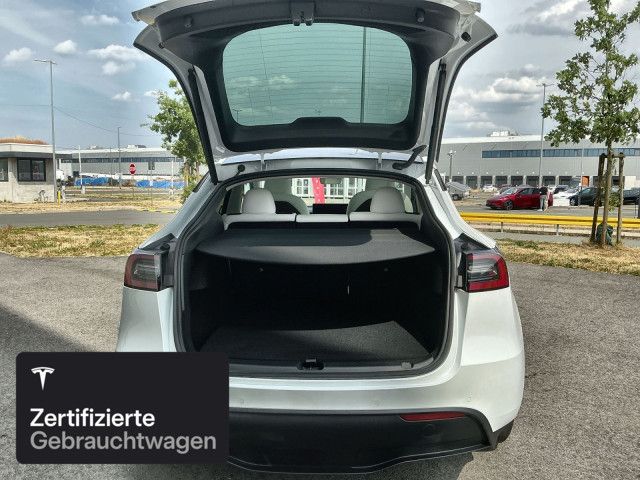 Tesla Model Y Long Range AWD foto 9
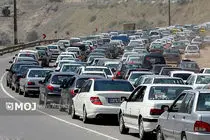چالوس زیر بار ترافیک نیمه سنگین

---

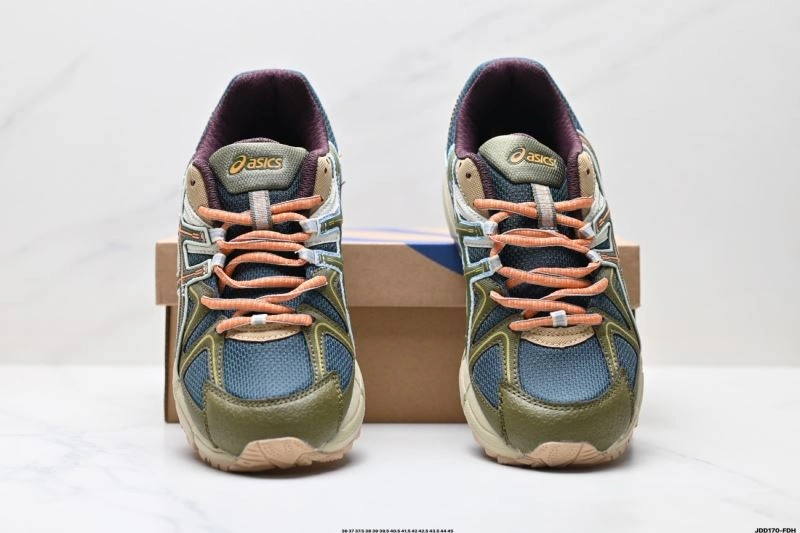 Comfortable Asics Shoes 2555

DESCRIPTION OF THE TASK:
Using the material above, reproduce only the lines that run from the line with "Tesla Model Y Long Range AWD foto 9" up to and including the line with "چالوس زیر بار ترافیک نیمه سنگین", exactly, with the pictures dropped.

YOUR SOLUTION:
 Tesla Model Y Long Range AWD foto 9
چالوس زیر بار ترافیک نیمه سنگین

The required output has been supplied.